Zgodnie z prawem, liczba uczniów w klasie szkoły integracyjnej nie powinna przekraczać 20 uczniów, a liczba uczniów z niepełnosprawnością w takiej klasie - nie może być większa od pięciu - wyjaśniła Ewa Kozłowska z Centrum Metodycznego Pomocy Psychologiczno-Pedagogicznej. W każdej klasie zajęcia powinny być prowadzone przez dwie osoby: nauczyciela i pedagoga wspierającego.
Jak podkreśliła pedagog szkolny Małgorzata Miller, w placówkach integracyjnych dzieci sprawne przyzwyczajają się do naturalnego przebywania ze swoimi nie w pełni sprawnymi kolegami. Dziecko sprawne w takiej szkole uczy się pomagać innym w zwykłych codziennych sytuacjach - wyjaśniła Miller.
Jak dodała, rodzice dzieci sprawnych czasem obawiają się wysłać je do szkoły integracyjnej, bo myślą, że jest w nich niższy niż w "zwykłych" szkołach poziom nauki. To jednak nieprawda - poziom nauki ucznia szkoły integracyjnej jest dostosowany do jego indywidualnych możliwości i tempa przyswajania wiedzy - zaznaczyła Miller.
Sprawni uczniowie szkół z klasami integracyjnymi nabywają dzięki niepełnosprawnym kolegom cenne umiejętności, takie jak np. posługiwanie się językiem migowym. Zaczęłam uczyć się "migać" trzy lata temu, żeby być aktorką w naszym szkolnym teatrze. Bardzo mi się to podoba - czasem nawet plotkujemy na "migi" z koleżankami, mimo że obie nie mamy problemu z mówieniem - powiedziała Kasia z 6. klasy podstawówki Zespołu Szkół nr 56 w Warszawie.

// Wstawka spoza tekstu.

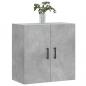 Preview: Wandschrank Betongrau 60x31x60 cm Holzwerkstoff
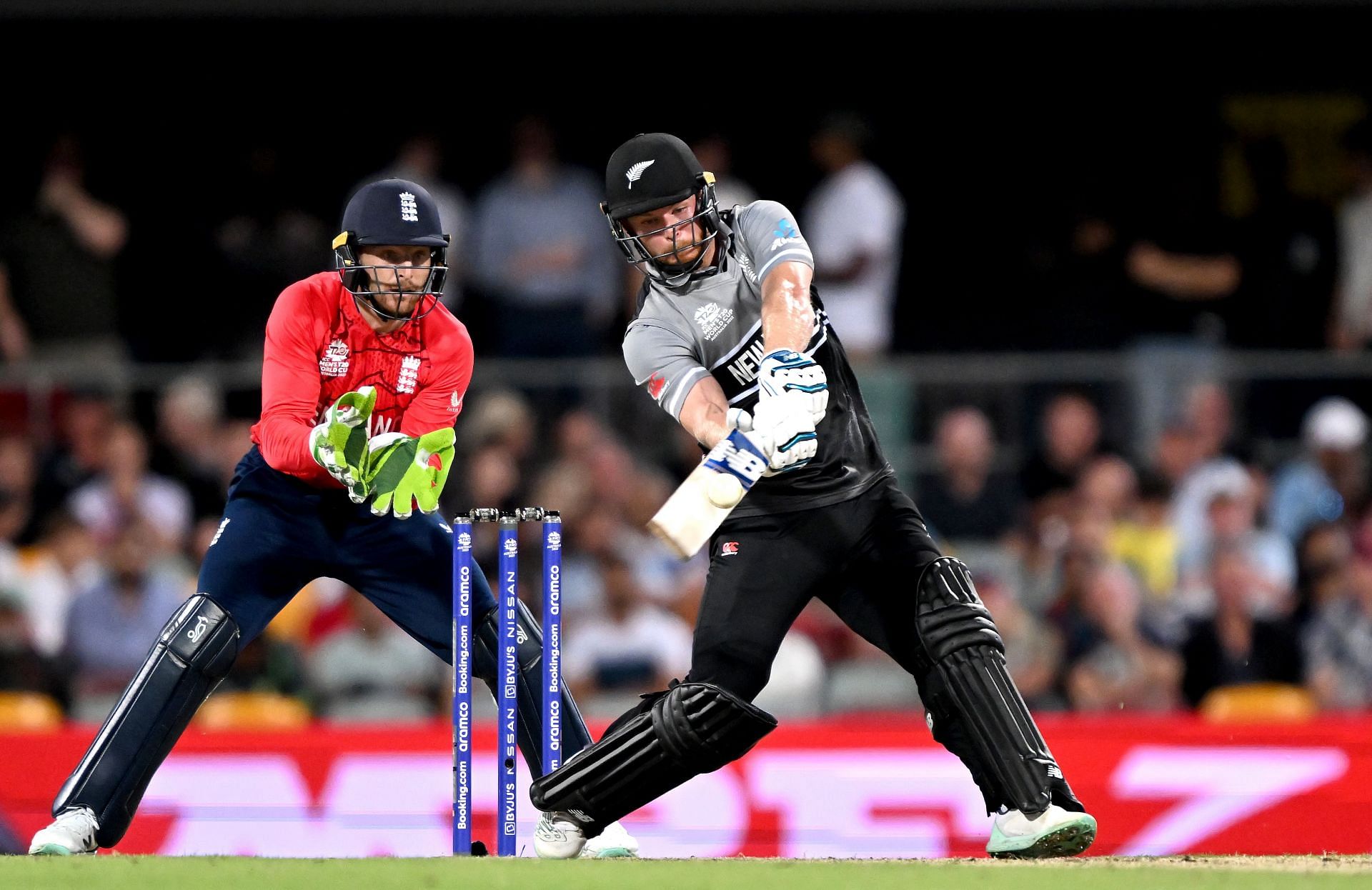 New Zealand batter Glenn Phillips. Pic: Getty Images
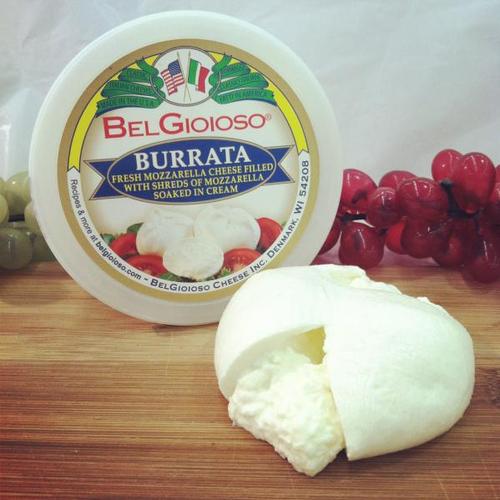 Burrata 2x4oz Balls Fresh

Wciąż jednak tylko co piąty uczeń niepełnosprawny korzysta z tej formy edukacji. Pozostali nadal uczęszczają do szkół specjalnych - przeznaczonych tylko dla dzieci niepełnosprawnych - lub ogólnodostępnych, w których często nie poświęca się uczniom niepełnosprawnym dostatecznej uwagi.

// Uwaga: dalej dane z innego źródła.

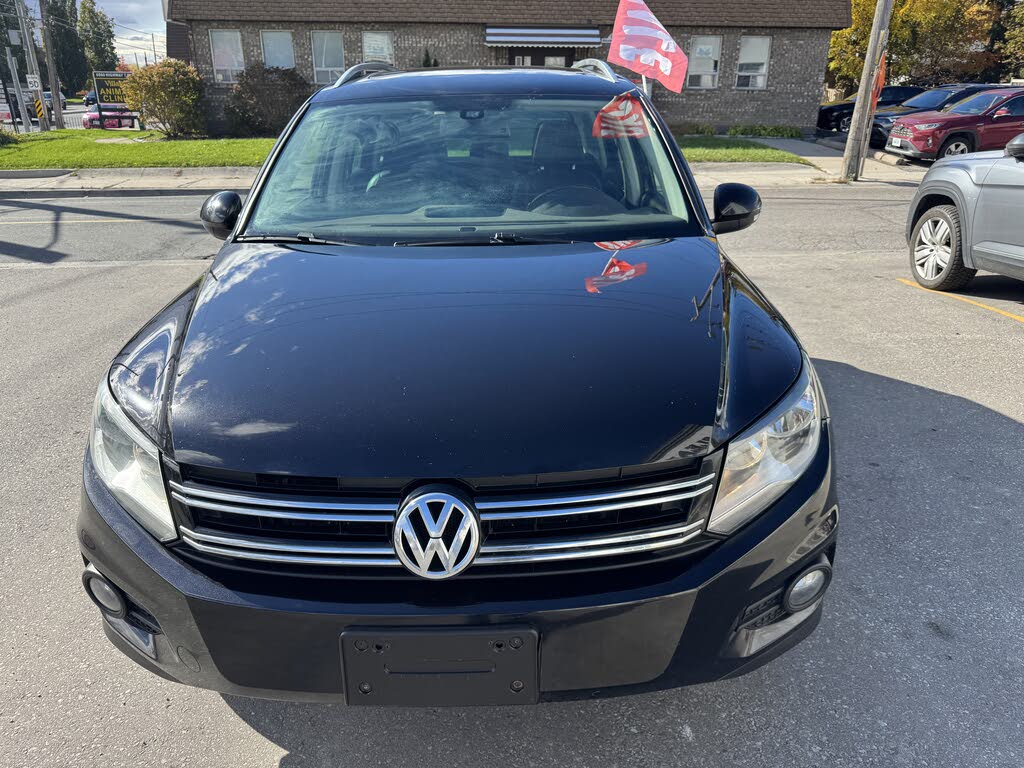 2017 Volkswagen Tiguan Comfortline 4Motion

Trudna sytuacja dotyczy zwłaszcza mniejszych miejscowości. 21- letni Darek z Mysłowic, chory na porażenie mózgowe, nie mógł chodzić do szkoły podstawowej, gdyż w okolicy nie było szkoły dostosowanej do potrzeb niepełnosprawnych ruchowo. Darek pobierał więc indywidualne lekcje w domu.

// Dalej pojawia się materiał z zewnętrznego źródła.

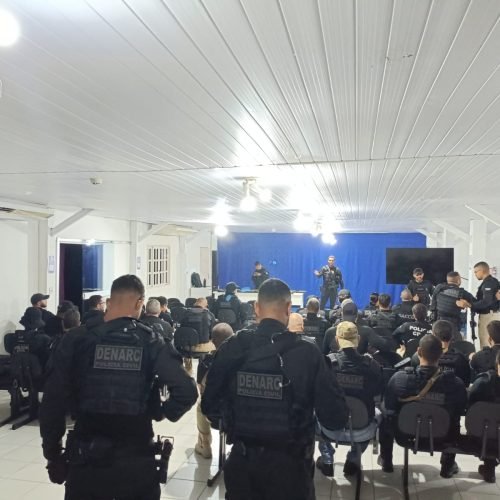 Polícia Civil realiza operação contra o tráfico de drogas no Extremo Sul do estado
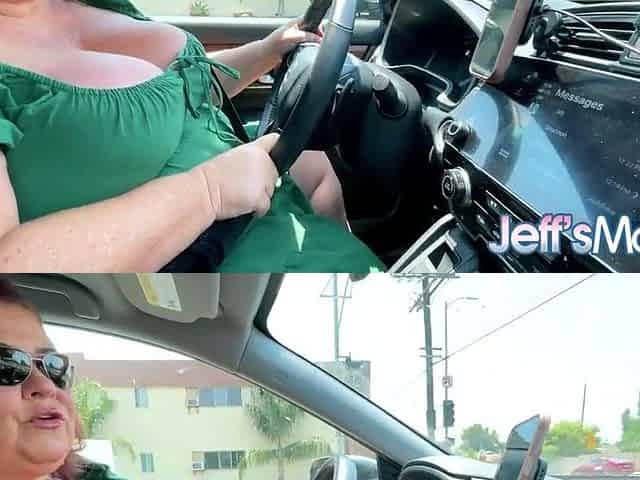 Obese Lady Lynn Has Her Old Twat Smashed by a BBC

W szkole średniej było nieco lepiej - dyrekcja zgodziła się przyjąć mnie i koleżankę na zajęcia w szkole. Nie uczyłem się więc sam, tylko we dwójkę, ale przez całe liceum brakowało mi kontaktu z kolegami - wyjaśnił.
Według danych Centrum Metodycznego Pomocy Psychologiczno- Pedagogicznej (CMPPM) od kilku lat stale wzrasta liczba oświatowych placówek integracyjnych (przedszkoli i szkół podstawowych, gimnazjalnych i ponadgimnazjalnych) - w tym roku jest ich 1500, czyli o ponad 200 więcej niż w ubiegłym.